第199話 軍務局長の陰謀
「いったい、これはどういうことですか!!」
俺は軍務局長室で、抗議の声をあげた。
「どういうこと? 情報局長はおかしなことを言うな。これは、軍務省の筆頭統括局長である私が出した命令だよ。キミには僕の命令に従うべき義務がある。

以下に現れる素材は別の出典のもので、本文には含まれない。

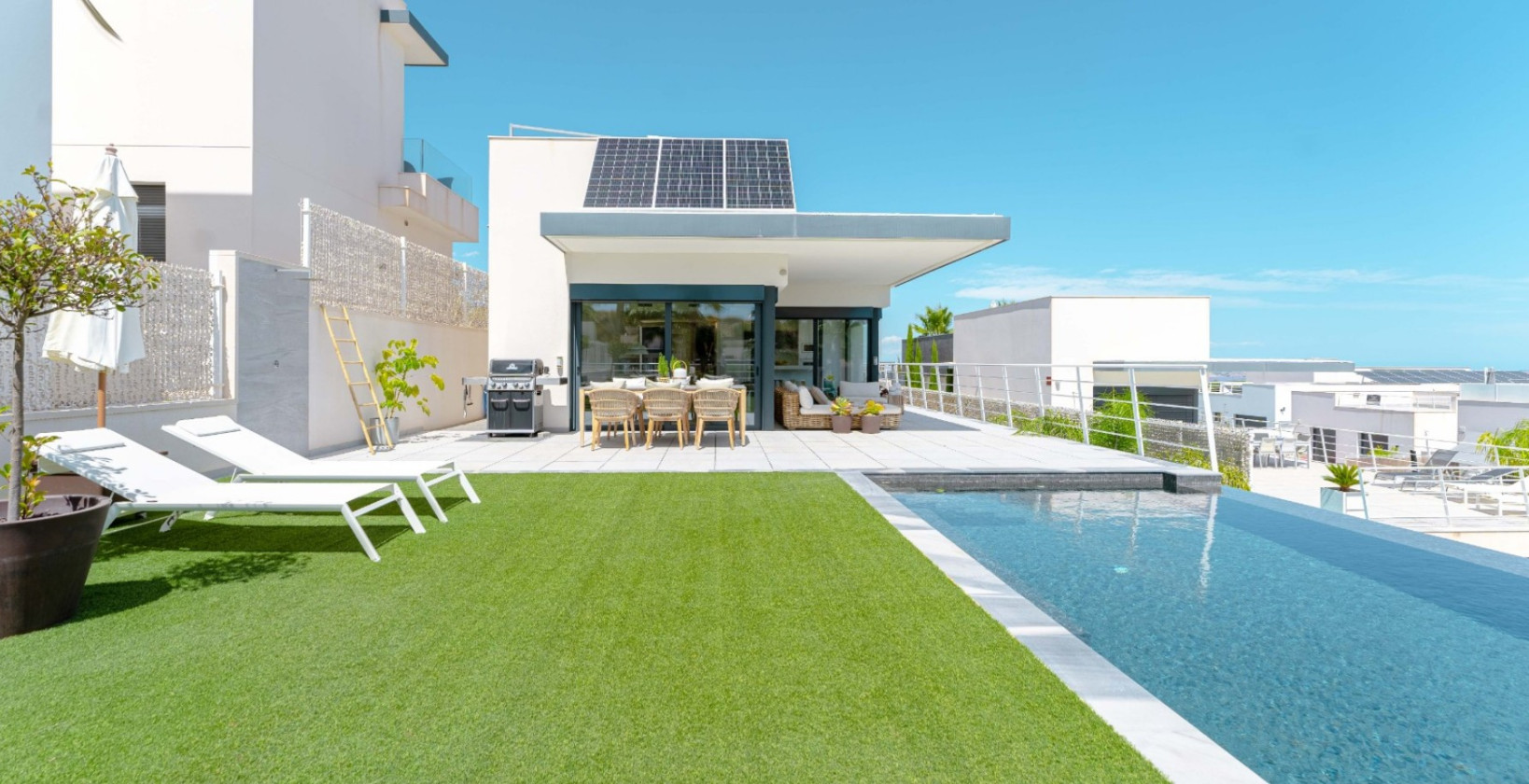 Återförsäljning - Villa - San Miguel de Salinas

違うかな?」
「しかし! ただでさえ政情不安定な現在、対テロを担う情報局の長である自分が長期間、帝都から離れなくてはいけなくなるのはリスクが高すぎます。さらに、この時期は反対派が最も活動を活発させやすい帝都建国1周年の日も含んでいますよ」
俺は、今朝突然下された命令書を握りつぶすように、強く力をこめる。
「そうだからこそ、キミに命令しているんだよ。帝国南方に出張し、部下と共にグレア帝国艦隊の様子をうかがうようにとね。最悪の場合が発生するときは、必ずグレア帝国自慢の無敵艦隊が動くだろう。その様子を局長直々に見てきて欲しいのだ。キミなら敵の微妙な様子もかぎ取れるだろう。頑張ってくれ」
「くっ」
仮にアルフレッドやウイリーに話をして、命令を覆すこともできるだろう。だが、それでは悪習を生む可能性が高い。実際、大日本帝国陸軍も中堅階級の幹部たちが暴走することで、日本を戦争に導いてしまった。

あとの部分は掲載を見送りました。